This “work-around” helped us to completely execute the entire setup steps successfully. We were also discussing with the engineers building the SQL AlwaysOn single-data-center Azure Resource Group template that is available for single-data-center deployments in the new Azure Portal, today. They are indeed doing the same thing, details are just a bit different.

Encrypting Secrets Passed to Custom Script VM Extensions

Sometimes we were just required to pass secret information to custom script extensions such as storage account keys. Since Azure VM Custom Script Extensions are logged very verbose, it would be a piece of cake to get to that secret information by doing a Get-AzureVM and looking at the ResourceExtensionStatusList member which contains the status and detailed call information for all VM Extensions.

Therefore we wanted to encrypt secrets as they are passed to Azure VM Extensions. The basic (yet not perfect) approach works based on some guidance from a blog post from Haishi Bai as mentioned earlier.

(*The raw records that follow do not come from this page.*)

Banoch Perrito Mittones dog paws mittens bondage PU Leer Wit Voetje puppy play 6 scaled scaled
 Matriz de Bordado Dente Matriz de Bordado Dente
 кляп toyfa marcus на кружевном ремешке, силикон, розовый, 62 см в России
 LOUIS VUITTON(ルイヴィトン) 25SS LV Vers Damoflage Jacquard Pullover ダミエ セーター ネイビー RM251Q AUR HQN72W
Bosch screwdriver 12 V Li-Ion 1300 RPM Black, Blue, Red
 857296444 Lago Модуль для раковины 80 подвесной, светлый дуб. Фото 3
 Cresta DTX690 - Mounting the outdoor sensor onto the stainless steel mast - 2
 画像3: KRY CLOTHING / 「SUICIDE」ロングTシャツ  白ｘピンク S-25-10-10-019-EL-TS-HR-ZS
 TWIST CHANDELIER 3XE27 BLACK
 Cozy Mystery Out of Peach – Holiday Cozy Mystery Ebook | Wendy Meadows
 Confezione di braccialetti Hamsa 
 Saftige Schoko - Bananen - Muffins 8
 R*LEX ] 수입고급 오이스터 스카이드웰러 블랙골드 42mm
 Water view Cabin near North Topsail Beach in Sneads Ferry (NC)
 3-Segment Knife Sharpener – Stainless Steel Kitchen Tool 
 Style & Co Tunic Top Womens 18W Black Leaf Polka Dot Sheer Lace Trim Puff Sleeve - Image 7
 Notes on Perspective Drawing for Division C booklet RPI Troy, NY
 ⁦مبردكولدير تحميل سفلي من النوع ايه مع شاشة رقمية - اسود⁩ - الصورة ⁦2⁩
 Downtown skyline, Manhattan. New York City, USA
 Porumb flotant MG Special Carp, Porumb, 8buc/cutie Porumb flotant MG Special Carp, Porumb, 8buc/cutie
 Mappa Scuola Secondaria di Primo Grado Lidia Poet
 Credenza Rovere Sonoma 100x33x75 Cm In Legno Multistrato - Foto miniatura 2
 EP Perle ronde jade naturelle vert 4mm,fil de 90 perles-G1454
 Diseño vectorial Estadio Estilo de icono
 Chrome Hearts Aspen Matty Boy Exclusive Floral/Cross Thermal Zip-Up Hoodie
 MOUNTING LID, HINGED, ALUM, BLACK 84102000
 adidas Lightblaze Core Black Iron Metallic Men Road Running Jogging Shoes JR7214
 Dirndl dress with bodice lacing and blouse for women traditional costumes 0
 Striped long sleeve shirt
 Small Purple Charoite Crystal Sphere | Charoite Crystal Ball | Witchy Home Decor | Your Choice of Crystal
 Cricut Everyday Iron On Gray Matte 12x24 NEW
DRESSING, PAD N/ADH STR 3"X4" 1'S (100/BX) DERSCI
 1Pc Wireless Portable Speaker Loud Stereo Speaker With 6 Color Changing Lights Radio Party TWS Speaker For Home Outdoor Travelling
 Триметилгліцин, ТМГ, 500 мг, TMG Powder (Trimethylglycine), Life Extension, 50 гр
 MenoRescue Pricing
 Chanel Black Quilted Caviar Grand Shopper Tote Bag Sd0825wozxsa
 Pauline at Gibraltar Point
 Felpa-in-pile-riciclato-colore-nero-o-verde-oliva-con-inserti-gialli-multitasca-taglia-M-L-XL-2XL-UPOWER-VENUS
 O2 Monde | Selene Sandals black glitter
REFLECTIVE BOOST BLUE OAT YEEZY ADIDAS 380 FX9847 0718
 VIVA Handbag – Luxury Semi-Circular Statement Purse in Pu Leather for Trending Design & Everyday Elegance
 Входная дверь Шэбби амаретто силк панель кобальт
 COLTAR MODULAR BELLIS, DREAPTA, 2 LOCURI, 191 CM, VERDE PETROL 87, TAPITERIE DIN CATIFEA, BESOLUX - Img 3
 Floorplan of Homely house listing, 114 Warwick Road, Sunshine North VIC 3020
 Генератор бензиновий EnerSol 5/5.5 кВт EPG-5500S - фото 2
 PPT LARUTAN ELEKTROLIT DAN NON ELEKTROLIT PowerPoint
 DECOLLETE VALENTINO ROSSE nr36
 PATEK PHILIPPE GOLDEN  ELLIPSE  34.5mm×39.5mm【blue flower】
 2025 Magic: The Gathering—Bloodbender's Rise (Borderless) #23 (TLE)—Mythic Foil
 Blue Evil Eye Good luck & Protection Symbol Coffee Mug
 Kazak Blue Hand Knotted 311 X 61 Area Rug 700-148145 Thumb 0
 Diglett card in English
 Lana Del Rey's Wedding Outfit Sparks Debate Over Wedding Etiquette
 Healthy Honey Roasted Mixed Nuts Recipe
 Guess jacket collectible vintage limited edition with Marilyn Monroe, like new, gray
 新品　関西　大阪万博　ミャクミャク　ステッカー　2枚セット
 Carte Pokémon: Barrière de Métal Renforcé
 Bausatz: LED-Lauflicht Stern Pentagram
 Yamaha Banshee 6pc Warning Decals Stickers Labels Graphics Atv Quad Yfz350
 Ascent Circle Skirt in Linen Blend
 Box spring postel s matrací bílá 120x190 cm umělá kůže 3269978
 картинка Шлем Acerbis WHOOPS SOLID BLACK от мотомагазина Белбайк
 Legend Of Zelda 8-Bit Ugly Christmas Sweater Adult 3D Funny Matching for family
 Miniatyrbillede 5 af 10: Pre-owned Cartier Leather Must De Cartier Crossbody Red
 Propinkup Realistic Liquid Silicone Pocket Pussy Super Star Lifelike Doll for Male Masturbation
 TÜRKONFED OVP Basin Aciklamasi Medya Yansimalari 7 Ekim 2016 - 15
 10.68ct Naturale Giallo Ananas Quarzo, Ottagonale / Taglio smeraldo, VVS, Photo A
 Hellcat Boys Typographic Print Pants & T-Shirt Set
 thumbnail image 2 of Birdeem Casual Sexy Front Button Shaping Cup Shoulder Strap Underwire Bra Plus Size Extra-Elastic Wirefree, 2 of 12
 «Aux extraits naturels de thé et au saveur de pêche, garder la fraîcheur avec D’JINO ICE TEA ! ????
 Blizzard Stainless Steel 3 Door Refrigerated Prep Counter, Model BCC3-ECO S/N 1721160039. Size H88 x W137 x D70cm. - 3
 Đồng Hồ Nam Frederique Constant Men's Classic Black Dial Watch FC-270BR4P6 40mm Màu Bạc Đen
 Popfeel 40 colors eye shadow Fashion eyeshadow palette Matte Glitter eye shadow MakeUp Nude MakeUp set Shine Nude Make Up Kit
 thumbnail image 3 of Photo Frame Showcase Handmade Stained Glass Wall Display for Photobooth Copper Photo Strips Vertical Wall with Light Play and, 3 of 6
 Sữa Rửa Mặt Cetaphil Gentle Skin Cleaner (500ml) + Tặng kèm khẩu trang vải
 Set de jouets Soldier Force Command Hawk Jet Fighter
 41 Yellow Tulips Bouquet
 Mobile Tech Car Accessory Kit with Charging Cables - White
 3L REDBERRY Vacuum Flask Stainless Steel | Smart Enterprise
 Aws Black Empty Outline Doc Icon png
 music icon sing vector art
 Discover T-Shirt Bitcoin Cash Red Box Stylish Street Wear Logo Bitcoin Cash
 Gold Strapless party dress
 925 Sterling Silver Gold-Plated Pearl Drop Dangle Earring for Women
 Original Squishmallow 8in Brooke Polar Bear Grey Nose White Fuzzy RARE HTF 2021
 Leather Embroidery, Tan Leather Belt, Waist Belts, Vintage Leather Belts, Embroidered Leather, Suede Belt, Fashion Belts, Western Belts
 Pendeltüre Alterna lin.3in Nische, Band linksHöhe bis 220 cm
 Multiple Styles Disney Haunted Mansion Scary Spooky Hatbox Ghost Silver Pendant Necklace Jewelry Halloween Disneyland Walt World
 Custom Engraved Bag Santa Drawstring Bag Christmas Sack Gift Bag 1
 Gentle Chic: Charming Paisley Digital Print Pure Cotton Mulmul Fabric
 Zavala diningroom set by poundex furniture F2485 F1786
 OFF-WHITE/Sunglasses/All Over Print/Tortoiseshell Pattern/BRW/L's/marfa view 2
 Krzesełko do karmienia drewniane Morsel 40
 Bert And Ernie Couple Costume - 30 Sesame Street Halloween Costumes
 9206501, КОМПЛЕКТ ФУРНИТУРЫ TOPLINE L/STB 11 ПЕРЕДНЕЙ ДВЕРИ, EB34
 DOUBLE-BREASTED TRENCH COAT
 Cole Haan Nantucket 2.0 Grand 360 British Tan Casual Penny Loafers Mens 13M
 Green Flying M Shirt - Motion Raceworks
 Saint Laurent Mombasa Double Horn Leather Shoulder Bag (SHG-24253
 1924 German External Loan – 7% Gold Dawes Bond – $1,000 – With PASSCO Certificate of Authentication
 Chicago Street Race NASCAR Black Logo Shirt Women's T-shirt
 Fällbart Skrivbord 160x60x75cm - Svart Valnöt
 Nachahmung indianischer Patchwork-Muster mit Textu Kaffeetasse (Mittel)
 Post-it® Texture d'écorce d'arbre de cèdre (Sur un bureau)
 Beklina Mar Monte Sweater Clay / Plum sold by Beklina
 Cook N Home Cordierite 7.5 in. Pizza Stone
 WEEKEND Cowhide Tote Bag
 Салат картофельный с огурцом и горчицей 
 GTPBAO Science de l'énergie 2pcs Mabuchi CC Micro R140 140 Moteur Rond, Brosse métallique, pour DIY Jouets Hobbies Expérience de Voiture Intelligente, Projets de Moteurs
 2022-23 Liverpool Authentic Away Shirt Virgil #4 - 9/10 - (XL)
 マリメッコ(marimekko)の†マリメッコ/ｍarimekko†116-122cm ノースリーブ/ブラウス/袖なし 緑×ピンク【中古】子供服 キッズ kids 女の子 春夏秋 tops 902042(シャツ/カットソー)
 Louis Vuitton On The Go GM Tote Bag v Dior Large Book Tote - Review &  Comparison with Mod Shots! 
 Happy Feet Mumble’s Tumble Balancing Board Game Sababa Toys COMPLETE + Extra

I’ve essentially written another PowerShell module (Util-CertsPasswords) which can perform the following actions:

  • Create a self-signed certificate as per guidance on MSDN for Azure.
  • Encrypt Passwords using such a certificate and return a base64-encoded, encrypted version.
  • Decrypt Passwords using such a certificate and return the clear-text password.

In our overall workflow all secrets including passwords and storage account keys which are passed to VM Custom Script Extensions as parameters are passed as encrypted values using this module.

Using Azure CmdLets we make sure that the certificates are published with the VM as part of our main provisioning script as per Michael Washams guidance from the Azure Product group.

Every script that gets executed as part of a custom VM Script Extension receives an encrypted password and uses the module I’ve written to decrypt it and use it for the remaining script such as follows:

#
# Import the module that allows running PowerShell scripts easily as different user
#
Import-Module .\Util-PowerShellRunAs.psm1 -Force
Import-Module .\Util-CertsPasswords.psm1 -Force

#
# Decrypt encrypted passwords using the passed certificate
#
Write-Verbose "Decrypting Password with Password Utility Module..."
$localAdminPwd = Get-DecryptedPassword -certName $certNamePwdEnc -encryptedBase64Password $localAdminPwdEnc 
$domainAdminPwd = Get-DecryptedPassword -certName $certNamePwdEnc -encryptedBase64Password $domainAdminPwdEnc 
Write-Verbose "Successfully decrypted VM Extension passed password"

The main provisioning script encrypts the passwords and secrets using that very same module before being passed into VM Custom Script Extensions as follows:

$vmExtParamStorageAccountKeyEnc = `
Get-EncryptedPassword -certName $certNameForPwdEncryption `             -passwordToEncrypt ($StorageAccountPrimaryRegionKey.Primary)

That way we at least make sure that no un-encrypted secret is visible in the Azure VM Custom Script Extension logs that can easily be retrieved with the Azure Service Management API PowerShell CmdLets.

Final Words and More…

As I said, there are lots of other re-usable parts in the package I’ve just published on my Github Repository which even can be used to apply further setup and configuration steps on VM environments which have entirely been provisioned with Azure Resource Groups and Azure Resource Manager. A few examples:

  • Execute additional Custom Script VM Extensions on running VMs.
  • Wait for Custom Script VM Extensions to complete on running VMs.
  • A ready-to-use PowerShell function that makes it easier to Remote PowerShell into provisioned VMs.

We also make use of an AzureNetworking PowerShell module published on the Technet Gallery. But note that we also made some bug-fixes in that module (such as dealing with “totally empty VNET configuration XML files”).

Generally the experience of building these ~2500 lines of PowerShell code was super-hard but a great learning experience. I am really keen to publish the follow-up post on this that demonstrates how much easier Azure Resource Group templates to make such a complex setup.

Also I do hope that we will have such a multi-data-center template in the default gallery soon since it is highly valuable for all partners and customers that do need to provide high-availability across multiple data centers using SQL Server Virtual Machines. In the meantime we will try to provide a sample based on this work above as soon as we can have time/resources for implementation.

Finally – thanks to Max Knor and Igor Pagliai – without their help we would not have achieved these goals at this level of completeness!